> [Supplied material]
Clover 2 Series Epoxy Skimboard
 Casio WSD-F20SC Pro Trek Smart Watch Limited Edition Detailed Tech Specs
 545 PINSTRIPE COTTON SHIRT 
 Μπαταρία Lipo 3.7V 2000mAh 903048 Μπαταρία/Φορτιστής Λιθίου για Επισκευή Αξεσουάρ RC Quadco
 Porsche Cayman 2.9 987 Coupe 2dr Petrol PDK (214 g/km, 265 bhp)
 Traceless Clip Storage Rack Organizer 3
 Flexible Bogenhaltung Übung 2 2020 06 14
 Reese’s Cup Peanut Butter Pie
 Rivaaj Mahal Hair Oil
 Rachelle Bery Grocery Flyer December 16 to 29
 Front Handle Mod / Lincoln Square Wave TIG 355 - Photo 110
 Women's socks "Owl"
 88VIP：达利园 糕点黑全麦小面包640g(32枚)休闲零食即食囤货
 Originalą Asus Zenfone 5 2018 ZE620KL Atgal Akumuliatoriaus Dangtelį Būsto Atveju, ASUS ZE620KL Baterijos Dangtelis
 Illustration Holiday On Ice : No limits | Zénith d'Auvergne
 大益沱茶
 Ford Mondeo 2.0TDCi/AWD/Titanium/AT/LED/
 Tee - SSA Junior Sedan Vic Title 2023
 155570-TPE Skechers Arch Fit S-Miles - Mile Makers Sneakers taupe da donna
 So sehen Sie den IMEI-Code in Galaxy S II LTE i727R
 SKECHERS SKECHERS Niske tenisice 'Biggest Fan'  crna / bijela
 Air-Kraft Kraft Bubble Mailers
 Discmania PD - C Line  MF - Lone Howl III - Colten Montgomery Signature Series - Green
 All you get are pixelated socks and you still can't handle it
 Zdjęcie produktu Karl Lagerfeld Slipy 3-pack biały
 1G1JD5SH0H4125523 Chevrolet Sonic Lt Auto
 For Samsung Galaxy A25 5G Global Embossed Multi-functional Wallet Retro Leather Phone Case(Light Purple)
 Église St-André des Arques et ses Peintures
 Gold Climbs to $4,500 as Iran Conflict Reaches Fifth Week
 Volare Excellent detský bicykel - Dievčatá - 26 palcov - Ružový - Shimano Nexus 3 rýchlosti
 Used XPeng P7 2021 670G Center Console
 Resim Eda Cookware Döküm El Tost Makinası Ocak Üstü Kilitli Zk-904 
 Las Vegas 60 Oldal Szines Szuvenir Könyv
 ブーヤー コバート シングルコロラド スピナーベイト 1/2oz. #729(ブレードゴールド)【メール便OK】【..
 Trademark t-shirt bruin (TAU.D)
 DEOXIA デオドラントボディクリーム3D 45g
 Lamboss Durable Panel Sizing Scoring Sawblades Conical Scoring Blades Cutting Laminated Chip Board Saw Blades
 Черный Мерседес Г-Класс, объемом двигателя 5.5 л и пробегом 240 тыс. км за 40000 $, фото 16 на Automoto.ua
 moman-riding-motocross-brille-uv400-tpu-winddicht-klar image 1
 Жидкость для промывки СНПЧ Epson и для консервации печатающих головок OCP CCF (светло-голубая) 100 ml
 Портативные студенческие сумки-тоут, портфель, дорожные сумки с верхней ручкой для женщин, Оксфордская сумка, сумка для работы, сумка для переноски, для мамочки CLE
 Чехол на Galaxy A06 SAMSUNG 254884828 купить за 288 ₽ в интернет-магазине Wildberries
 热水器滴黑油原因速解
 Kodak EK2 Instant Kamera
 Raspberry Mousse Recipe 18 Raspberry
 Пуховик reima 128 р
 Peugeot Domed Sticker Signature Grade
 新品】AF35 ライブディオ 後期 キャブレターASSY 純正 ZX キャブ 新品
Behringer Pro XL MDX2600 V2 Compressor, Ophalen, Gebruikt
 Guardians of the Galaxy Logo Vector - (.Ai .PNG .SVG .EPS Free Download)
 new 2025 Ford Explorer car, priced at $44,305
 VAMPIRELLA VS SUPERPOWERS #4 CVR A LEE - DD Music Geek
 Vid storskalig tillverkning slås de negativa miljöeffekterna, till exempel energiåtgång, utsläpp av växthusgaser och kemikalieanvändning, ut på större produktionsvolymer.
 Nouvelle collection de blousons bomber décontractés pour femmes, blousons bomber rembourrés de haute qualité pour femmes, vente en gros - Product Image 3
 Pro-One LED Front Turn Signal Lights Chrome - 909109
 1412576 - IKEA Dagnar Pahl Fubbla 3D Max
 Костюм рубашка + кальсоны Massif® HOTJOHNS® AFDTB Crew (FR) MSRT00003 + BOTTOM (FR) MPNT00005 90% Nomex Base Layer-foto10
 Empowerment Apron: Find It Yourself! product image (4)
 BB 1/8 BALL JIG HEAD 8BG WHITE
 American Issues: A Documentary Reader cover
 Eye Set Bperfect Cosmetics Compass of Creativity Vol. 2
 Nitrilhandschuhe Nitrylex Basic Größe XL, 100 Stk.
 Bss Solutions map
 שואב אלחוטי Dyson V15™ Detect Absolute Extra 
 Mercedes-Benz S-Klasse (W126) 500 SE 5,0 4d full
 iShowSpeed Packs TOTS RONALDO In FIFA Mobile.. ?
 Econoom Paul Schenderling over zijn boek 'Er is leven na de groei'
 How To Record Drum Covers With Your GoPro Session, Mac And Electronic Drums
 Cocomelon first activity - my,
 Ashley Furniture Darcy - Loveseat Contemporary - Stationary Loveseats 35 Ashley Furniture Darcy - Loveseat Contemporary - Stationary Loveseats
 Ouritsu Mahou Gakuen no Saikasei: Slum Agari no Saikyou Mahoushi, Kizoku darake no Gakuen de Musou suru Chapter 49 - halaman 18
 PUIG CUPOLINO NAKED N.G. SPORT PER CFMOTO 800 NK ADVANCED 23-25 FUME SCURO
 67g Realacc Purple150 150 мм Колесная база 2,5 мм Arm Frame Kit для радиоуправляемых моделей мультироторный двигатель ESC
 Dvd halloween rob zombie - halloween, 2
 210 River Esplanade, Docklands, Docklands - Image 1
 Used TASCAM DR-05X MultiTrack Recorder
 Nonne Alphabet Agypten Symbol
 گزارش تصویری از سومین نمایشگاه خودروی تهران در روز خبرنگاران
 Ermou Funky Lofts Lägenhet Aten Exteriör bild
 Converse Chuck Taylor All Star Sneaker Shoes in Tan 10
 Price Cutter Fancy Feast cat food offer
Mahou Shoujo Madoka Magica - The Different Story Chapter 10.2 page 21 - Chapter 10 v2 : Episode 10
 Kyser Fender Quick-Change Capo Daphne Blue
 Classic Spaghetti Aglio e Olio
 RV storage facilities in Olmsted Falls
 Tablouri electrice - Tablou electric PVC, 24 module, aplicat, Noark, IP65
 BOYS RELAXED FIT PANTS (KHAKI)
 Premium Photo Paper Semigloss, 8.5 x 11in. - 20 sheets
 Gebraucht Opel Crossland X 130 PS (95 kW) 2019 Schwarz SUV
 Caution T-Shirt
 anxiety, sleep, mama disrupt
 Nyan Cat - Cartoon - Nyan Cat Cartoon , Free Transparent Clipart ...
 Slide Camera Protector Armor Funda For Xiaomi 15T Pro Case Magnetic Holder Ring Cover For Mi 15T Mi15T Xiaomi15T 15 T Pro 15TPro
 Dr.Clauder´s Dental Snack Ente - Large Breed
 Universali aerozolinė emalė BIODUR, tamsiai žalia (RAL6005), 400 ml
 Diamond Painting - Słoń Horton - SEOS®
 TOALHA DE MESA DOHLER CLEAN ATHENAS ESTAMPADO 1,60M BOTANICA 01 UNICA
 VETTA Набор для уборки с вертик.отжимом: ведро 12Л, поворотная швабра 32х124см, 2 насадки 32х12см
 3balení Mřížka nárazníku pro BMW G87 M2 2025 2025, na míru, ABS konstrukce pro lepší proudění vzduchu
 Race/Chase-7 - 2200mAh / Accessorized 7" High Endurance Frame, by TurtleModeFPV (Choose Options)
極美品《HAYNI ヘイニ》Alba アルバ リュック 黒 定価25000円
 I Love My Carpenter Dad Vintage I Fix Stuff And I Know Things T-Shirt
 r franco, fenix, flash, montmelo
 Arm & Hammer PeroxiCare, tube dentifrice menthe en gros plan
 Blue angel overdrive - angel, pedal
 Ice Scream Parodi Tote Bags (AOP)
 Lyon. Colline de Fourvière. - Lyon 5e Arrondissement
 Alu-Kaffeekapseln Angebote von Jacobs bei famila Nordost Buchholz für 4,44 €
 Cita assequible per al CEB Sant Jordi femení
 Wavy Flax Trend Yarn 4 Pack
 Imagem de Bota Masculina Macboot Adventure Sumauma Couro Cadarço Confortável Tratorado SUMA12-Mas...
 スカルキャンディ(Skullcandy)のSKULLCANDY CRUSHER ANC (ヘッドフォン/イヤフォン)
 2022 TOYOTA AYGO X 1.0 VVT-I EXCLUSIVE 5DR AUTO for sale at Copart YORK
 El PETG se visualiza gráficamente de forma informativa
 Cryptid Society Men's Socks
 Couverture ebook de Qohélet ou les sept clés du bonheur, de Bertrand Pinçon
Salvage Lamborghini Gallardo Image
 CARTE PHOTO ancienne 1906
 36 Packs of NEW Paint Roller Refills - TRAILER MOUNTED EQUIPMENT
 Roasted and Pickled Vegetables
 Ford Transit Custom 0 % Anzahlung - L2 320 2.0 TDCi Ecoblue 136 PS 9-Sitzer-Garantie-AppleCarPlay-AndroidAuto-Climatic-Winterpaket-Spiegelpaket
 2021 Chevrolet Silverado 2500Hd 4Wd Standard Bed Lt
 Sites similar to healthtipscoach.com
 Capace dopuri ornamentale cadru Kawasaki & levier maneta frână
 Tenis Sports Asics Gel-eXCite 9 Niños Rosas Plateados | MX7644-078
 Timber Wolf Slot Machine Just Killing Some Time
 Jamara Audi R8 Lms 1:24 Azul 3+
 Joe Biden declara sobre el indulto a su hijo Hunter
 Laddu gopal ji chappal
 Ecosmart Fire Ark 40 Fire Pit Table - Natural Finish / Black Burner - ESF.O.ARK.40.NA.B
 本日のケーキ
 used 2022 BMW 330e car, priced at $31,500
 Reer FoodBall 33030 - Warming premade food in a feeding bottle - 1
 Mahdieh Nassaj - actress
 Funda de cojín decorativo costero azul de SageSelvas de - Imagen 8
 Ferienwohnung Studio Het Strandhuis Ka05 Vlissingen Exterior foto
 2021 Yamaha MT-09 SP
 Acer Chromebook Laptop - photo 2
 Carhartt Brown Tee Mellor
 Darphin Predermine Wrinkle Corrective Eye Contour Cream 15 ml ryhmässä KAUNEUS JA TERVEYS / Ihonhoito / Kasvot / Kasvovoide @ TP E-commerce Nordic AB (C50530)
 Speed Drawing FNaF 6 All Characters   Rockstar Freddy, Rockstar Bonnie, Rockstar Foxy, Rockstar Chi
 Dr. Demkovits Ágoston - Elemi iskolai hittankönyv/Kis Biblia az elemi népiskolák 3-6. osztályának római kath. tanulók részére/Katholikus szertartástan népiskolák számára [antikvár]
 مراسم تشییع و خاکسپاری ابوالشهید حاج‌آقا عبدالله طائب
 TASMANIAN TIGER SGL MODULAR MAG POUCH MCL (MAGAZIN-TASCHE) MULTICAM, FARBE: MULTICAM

> [Work order]
Starting with the line above that holds "Universali aerozolinė emalė" and stopping with the line that holds "3balení Mřížka nárazníku", reproduce each line exactly, omitting all other lines.

> [Response]
 Universali aerozolinė emalė BIODUR, tamsiai žalia (RAL6005), 400 ml
 Diamond Painting - Słoń Horton - SEOS®
 TOALHA DE MESA DOHLER CLEAN ATHENAS ESTAMPADO 1,60M BOTANICA 01 UNICA
 VETTA Набор для уборки с вертик.отжимом: ведро 12Л, поворотная швабра 32х124см, 2 насадки 32х12см
 3balení Mřížka nárazníku pro BMW G87 M2 2025 2025, na míru, ABS konstrukce pro lepší proudění vzduchu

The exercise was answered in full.